21 So I find it to be a law that when I want to do right, evil lies close at hand. 22 For dI delight in the law of God, in my inner being, 23 but I see in my members fanother law waging war against the law of my mind and making me captive to the law of sin that dwells in my members. 24 Wretched man that I am! Who will deliver me from gthis body of death?

I resonate with David’s brutally honest confession in Psalm 51:  For I know my transgressions, and my sin is ever before me.   I hear you David.  No one, no one knows, understands and sees my sin like me, except God, and while He gives me free reign to choose sin and go against His will, it breaks His heart.   While I’d rather focus on the sins of others, I don’t have to go beyond my bathroom mirror to see the biggest sinner of all.  How can I offer commentary or critique on the sins of others when mine is glaring and ever present?

Sins of jealousy, envy, judgment, gossip, cynicism, flesh, pride, and spiritual arrogance are easily ignored when the sins of others catch the headlines.  Former Arkansas coach Bobby Petrino and the recent Secret Service Columbian Sex Scandal are just two examples of how we rationalize or justify our sin.  We reason, “I’m bad, but I’m not that bad!”  Yes I am.  And so are you!  We are ALL flawed, fallen and broken.  And without Christ we have no hope in this battle that is as old as Eden.  Back to Paul at the end of Romans 7 and into Romans 8:
                                                                                                                               24 Wretched man that I am! Who will deliver me from gthis body of death? 25 Thanks be to God through Jesus Christ our Lord! So then, I myself serve the law of God with my mind, but with my flesh I serve the law of sin.  8:9 You, however, are not in the flesh but in the Spirit, if in fact xthe Spirit of God dwells in you. yAnyone who does not have zthe Spirit of Christ does not belong to him. 10 But if Christ is in you, although the body is dead because of sin, the Spirit is life because of righteousness. 11 If the Spirit of ahim who raised Jesus from the dead dwells in you, he who raised Christ Jesus4 from the dead will also give life to your mortal bodies bthrough his Spirit who dwells in you.

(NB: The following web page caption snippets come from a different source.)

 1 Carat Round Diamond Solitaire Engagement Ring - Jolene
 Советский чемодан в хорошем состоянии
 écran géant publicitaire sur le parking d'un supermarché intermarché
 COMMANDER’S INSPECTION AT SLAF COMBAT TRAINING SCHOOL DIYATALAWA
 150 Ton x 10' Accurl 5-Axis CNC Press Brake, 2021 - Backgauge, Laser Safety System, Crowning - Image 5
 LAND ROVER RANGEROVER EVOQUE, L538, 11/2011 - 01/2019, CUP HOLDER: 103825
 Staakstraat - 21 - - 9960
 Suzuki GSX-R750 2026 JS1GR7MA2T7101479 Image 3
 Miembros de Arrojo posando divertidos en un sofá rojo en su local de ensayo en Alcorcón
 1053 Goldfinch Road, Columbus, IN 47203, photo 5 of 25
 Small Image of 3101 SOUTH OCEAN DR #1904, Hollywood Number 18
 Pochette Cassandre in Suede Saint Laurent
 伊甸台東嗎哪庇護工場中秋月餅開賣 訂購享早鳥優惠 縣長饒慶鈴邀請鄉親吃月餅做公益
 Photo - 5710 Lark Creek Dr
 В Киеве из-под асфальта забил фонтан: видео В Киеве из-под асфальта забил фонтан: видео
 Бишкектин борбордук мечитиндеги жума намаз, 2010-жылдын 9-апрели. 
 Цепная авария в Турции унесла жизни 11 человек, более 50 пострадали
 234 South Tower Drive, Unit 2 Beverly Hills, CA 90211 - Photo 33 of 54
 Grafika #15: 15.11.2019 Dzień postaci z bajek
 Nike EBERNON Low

Did you catch it?  The life-giving, grace-drenching, accomplished work of Christ means we no longer have to live under the eternal assassination of the soul.   And that gives us direction, purpose, guidance power, resolve and hope as we face our daily (sometimes hourly) struggle with sin.   Confession and repentance are the result of the convicting work of the Spirit.  This is the gateway to daily self-denial and cross-bearing as we attempt to follow Jesus.  

I'm not worried about the sins of others, or those who are confessing and trying.   I’m more concerned about my own and those who have trouble acknowledging their sin and revel in the sins of others.  God help us to be more like the beggar in Jesus' story of the two men who stood to pray in the temple:  Lord, have mercy on me, a sinner.